If your kid posts something that gets significant traction:

Tighten privacy settings immediately.

Consider making the account private temporarily if it was public.

Disable comments on the specific post if hostile activity appears.

Monitor direct messages.

For severely abusive interactions, Meta’s reporting tools and (if criminal) local law enforcement.

The story-content considerations.

Stories are 24-hour ephemeral content. The privacy implications:

Stories from public accounts are visible to anyone.

Stories from private accounts are visible to followers.

Close Friends feature allows more-restrictive sharing.

Story content showing location, school details, daily routine, or other identifying information is exposed during the 24-hour window.

For minors, the conservative approach: stories restricted to “Close Friends” with a curated list, or to followers only on a private account.

The Reels and short-video considerations.

Reels are short videos visible to wider audiences than feed posts on public accounts. The algorithm surfaces Reels broadly.

For youth athletes building visibility, Reels can produce recruiting reach.
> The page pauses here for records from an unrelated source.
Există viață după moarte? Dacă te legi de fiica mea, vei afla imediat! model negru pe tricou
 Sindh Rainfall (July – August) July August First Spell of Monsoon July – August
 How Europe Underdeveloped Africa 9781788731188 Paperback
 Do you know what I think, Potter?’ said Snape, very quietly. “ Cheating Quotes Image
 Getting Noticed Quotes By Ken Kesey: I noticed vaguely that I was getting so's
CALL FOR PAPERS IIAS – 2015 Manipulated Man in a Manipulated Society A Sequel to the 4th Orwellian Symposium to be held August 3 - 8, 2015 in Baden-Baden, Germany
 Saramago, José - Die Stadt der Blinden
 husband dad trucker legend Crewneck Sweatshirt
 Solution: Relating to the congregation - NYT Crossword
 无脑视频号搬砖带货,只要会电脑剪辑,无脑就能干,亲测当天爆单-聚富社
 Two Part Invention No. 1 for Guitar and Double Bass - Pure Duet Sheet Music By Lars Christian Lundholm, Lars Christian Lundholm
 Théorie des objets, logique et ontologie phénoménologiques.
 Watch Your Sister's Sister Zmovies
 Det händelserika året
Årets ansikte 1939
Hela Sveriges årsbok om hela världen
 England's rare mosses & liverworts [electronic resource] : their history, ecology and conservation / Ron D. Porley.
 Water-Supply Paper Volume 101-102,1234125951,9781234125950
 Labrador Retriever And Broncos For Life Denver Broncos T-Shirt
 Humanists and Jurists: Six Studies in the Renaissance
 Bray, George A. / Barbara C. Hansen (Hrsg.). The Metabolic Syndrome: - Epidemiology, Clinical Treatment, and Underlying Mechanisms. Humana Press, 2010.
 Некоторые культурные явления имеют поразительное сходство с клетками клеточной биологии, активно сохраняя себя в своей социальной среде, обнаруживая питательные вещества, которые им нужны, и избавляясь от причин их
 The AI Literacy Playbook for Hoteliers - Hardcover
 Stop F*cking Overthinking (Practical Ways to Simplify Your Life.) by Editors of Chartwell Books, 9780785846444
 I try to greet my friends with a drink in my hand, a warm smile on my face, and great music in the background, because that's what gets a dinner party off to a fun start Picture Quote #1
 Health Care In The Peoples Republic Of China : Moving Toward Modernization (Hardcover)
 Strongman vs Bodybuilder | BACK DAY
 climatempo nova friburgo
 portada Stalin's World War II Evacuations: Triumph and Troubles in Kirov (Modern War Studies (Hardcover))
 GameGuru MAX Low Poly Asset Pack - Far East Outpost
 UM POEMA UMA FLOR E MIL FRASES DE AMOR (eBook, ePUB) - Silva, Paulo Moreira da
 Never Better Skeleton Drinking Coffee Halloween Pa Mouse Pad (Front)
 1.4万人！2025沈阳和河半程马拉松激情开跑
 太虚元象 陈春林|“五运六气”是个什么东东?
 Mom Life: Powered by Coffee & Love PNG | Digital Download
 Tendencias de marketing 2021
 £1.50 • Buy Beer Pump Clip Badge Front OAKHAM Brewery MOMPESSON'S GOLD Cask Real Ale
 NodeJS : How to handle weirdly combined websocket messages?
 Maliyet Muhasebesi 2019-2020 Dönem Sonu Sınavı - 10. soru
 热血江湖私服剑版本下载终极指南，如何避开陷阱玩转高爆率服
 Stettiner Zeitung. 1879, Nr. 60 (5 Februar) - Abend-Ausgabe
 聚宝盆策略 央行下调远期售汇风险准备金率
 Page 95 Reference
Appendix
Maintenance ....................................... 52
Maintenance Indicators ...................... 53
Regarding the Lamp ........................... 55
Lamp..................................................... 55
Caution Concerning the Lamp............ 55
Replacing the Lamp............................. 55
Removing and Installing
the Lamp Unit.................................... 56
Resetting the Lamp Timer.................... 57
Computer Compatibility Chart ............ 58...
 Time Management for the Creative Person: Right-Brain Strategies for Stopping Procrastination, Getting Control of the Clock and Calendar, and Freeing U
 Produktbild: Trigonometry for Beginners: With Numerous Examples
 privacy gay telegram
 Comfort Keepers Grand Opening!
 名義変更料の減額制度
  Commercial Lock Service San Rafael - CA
They also produce exposure to strangers.

The trade-off is similar to the broader public-vs-private account question. The conservative position is to use Reels carefully or not at all for minors under 15.

The Children’s Online Privacy Protection Rule (COPPA) reminder.

Children under 13 are not supposed to have Instagram accounts per Meta’s terms of service and COPPA. Many do, with falsified birth dates.

For families with under-13 kids on Instagram, the conversation about whether to allow it given the age violation matters. Some families allow it with strict supervision; some require deletion until age 13.

If the kid signed up listing an older age, they get the older-user defaults, which are looser than they should be for actual age. The fix is either deleting the account or setting an honest birth date (which restricts the account significantly).

The recurring audit.

Once per season, sit down with the kid and walk through the settings together:

What is the current privacy state?

Who is the kid following? Who is following them?

What is the message inbox like?

Any concerning patterns?

The conversation builds awareness; the kid often makes better decisions when they understand the framework.

For coaches.

Awareness of athlete-account exposure.

Team policy on team-related posts (tags, mentions, location tags).

For minor athletes, conservative defaults on team accounts.

For families.

The 30-minute privacy audit at the start of each season.

The conversation about what gets shared and why.

The recruiting-visibility trade-off, when relevant.

The honest read. Instagram is part of the youth-sport landscape and the privacy settings matter. The kids who navigate the platform safely are usually in families that walked through the configuration once and revisited periodically. The kids most exposed are those whose accounts run on default settings without anyone checking.